Other News Materials 26 January 2009 06:25 (UTC +04:00)

Komatsu Ltd., the world's second- biggest maker of earthmoving equipment, fell to a nine-week low in Tokyo trading after the company forecast a deeper profit decline on slowing construction in emerging markets, Bloomberg reported.

The shares fell as much as 6 percent to 897 yen, the lowest since Nov. 21, and traded at 903 yen as of 10:30 a.m. on the Tokyo Stock Exchange.

Goldman Sachs Japan Ltd. analyst Kunio Sakaida cut his 12- month price target to 700 yen from 1,100 yen after the Jan. 23 profit warning.
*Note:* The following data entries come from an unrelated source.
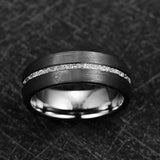 Marvelous Inlaid Carbon Fiber + Imitation Vermiculite 8mm Width Men's Tungsten Carbide Ring Wedding Band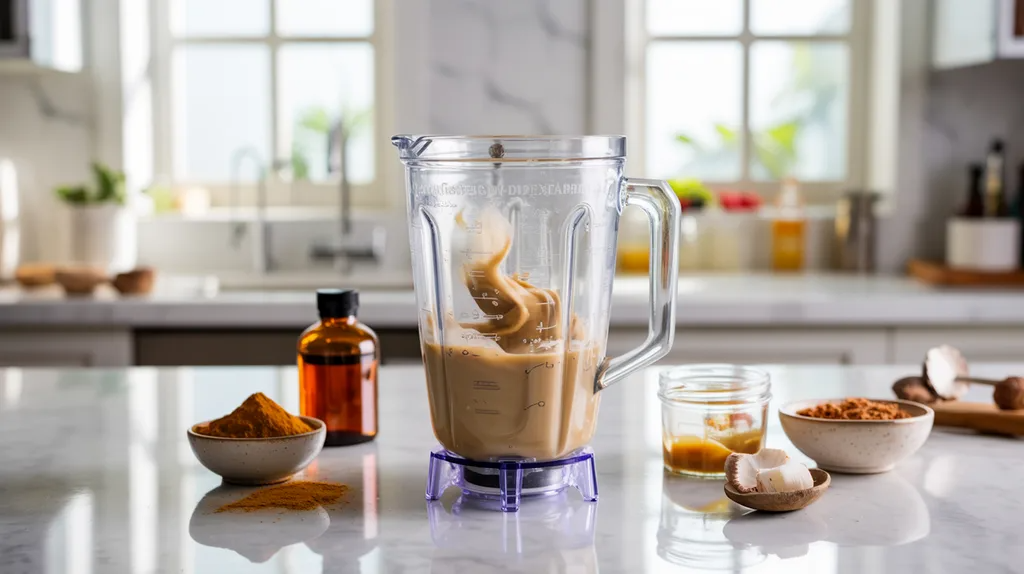 Sea moss gel blended with milk and spices to make sea moss drink.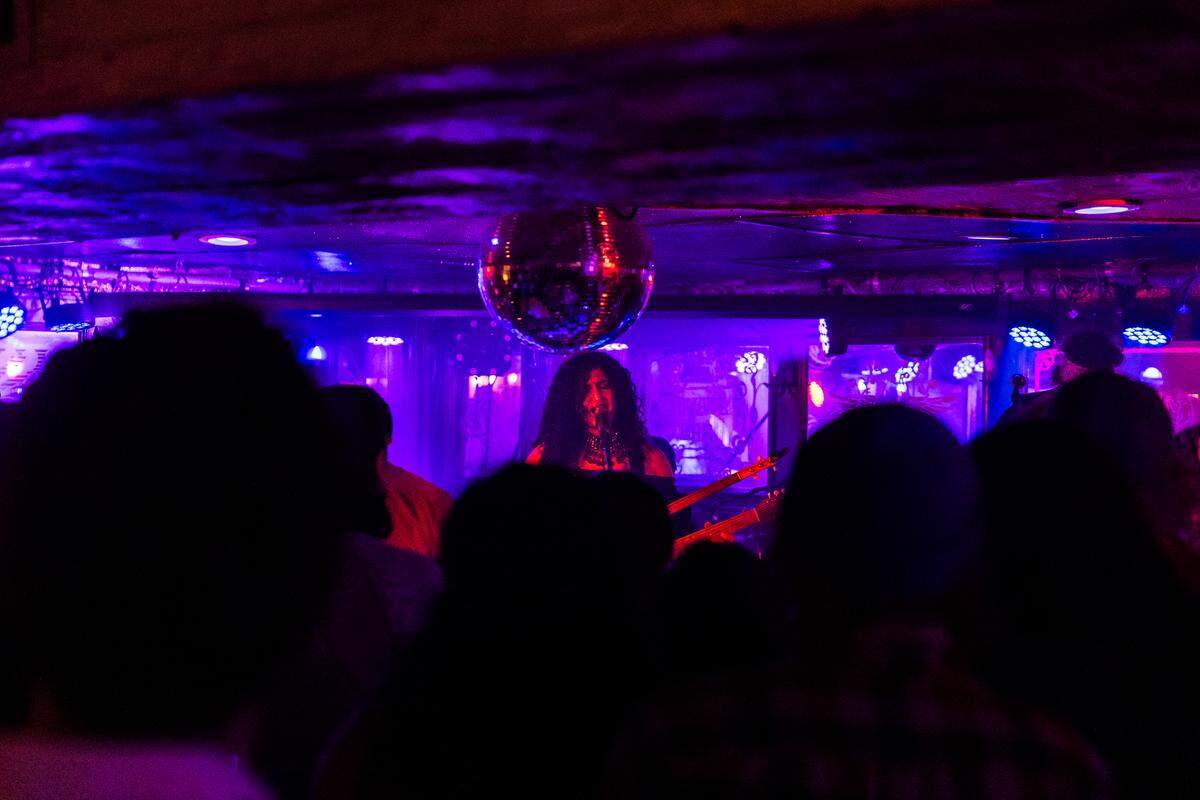 Lead singer Yousra Mansour of the Franco-Moroccan band Bab L’ Bluz performs at Manny’s Live Performance Space on Thursday, April 1, 2026.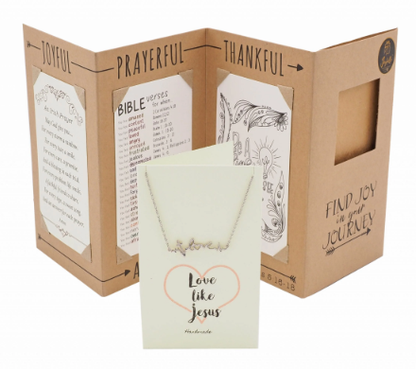 Love Like Jesus infinity cross necklace with message card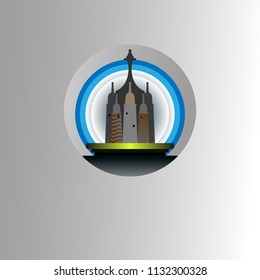 illustration castle vector design abstract background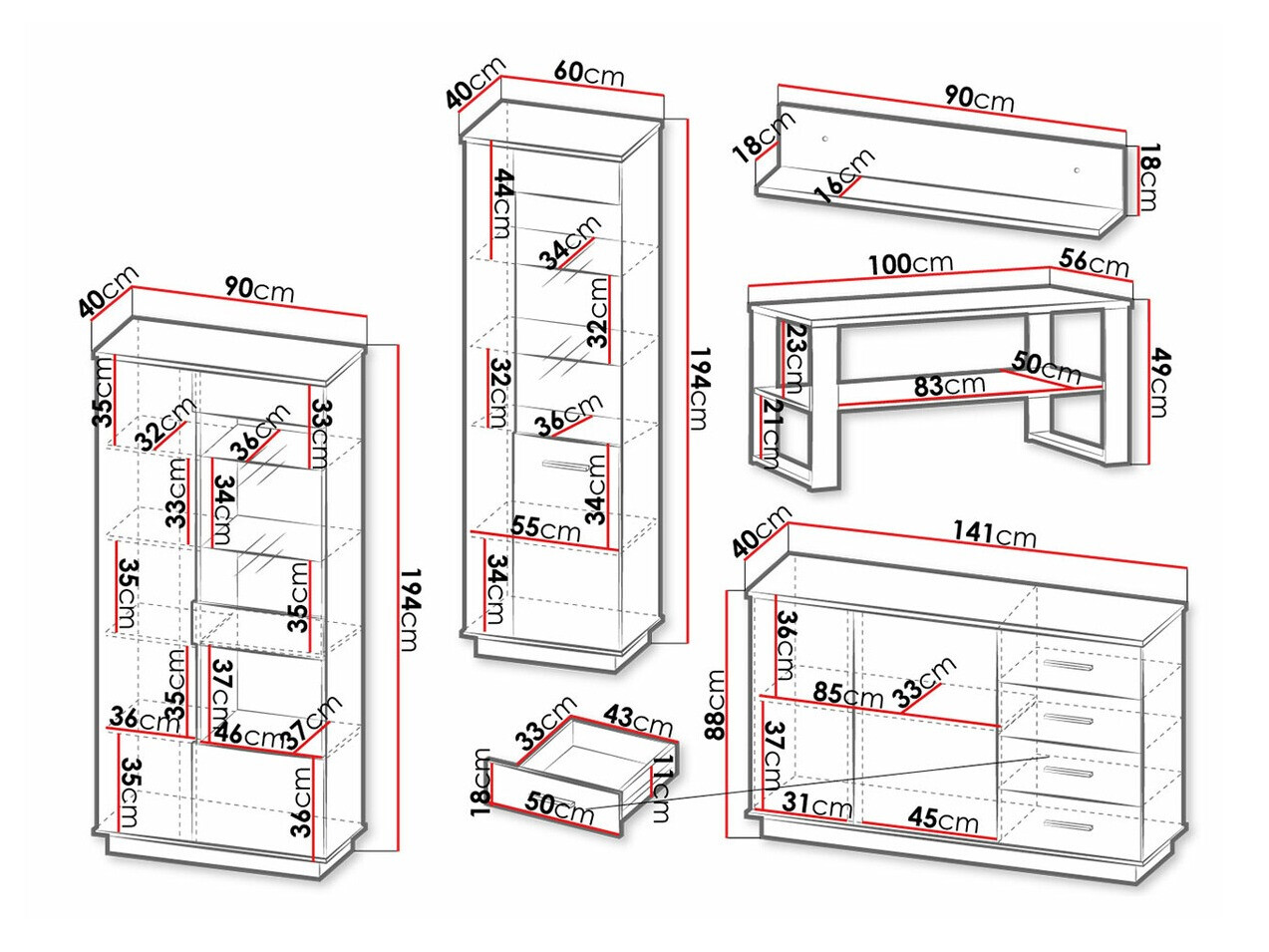 Stuemøbelsæt Tenodeu 117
Net income in the year ending March 31 will probably fall to 110 billion yen ($1.24 billion), from the 190 billion yen forecast on Oct. 29, Tokyo-based Komatsu said in last week's statement. The latest forecast is a 47 percent decline from last year's results.

The effect of the financial crisis has spread to the global construction market, triggering sudden declines in sales in China and other emerging markets, the company said last week. It had previously expected growth in those regions would be strong enough to offset declines in the U.S., Europe and Japan.

Komatsu is forecasting sales of 2.03 trillion yen, down 15 percent from its October estimate. Operating profit, or sales minus the cost of goods sold and administrative expenses, will be 200 billion yen instead of the forecast 300 billion yen.